• Task
Omit any picture, and return the remaining data exactly as written.

*** Opening Available data ***

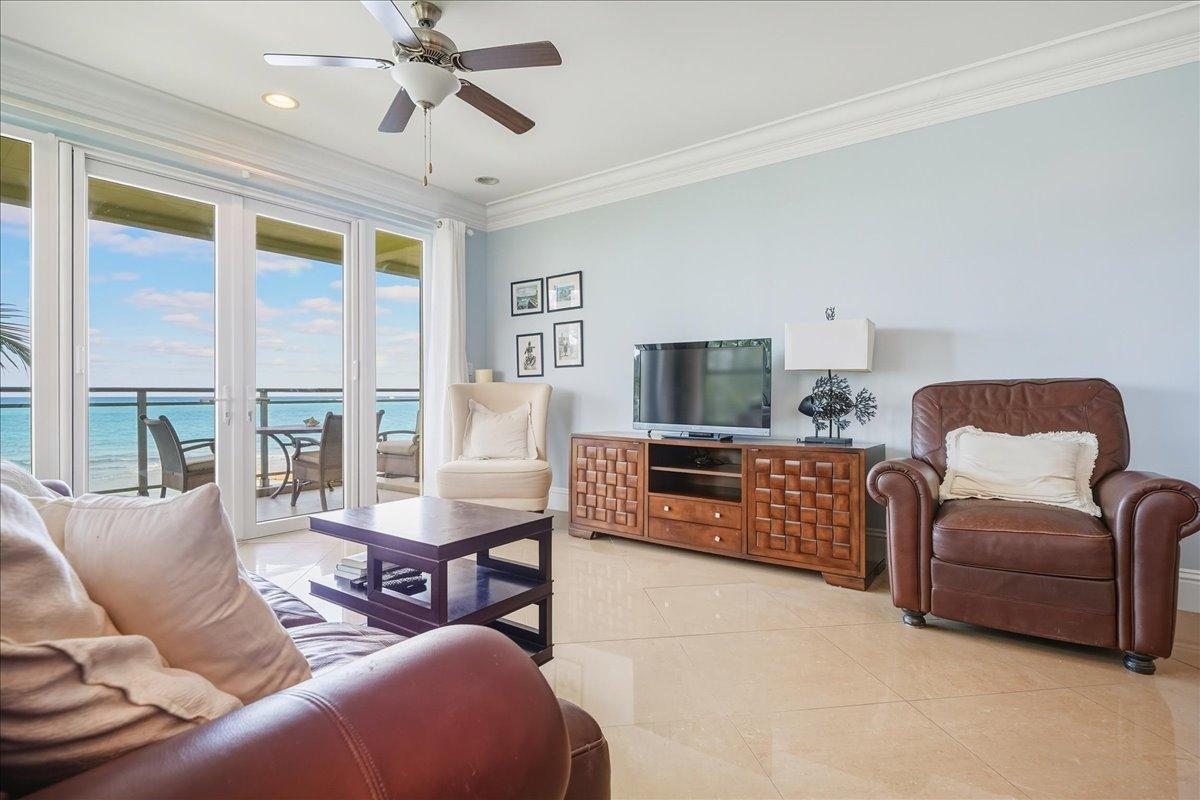 3 bedroom Apartment for sale in Columbus Cove, Nassau — photo 3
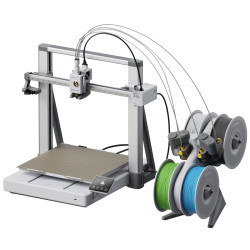 View product Bambu Lab A2L Combo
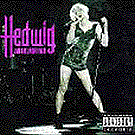 CD Cover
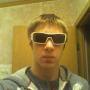 Nick Melton Photo 17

*** Closing Available data ***

• Solution for this task
 3 bedroom Apartment for sale in Columbus Cove, Nassau — photo 3
 View product Bambu Lab A2L Combo
 CD Cover
 Nick Melton Photo 17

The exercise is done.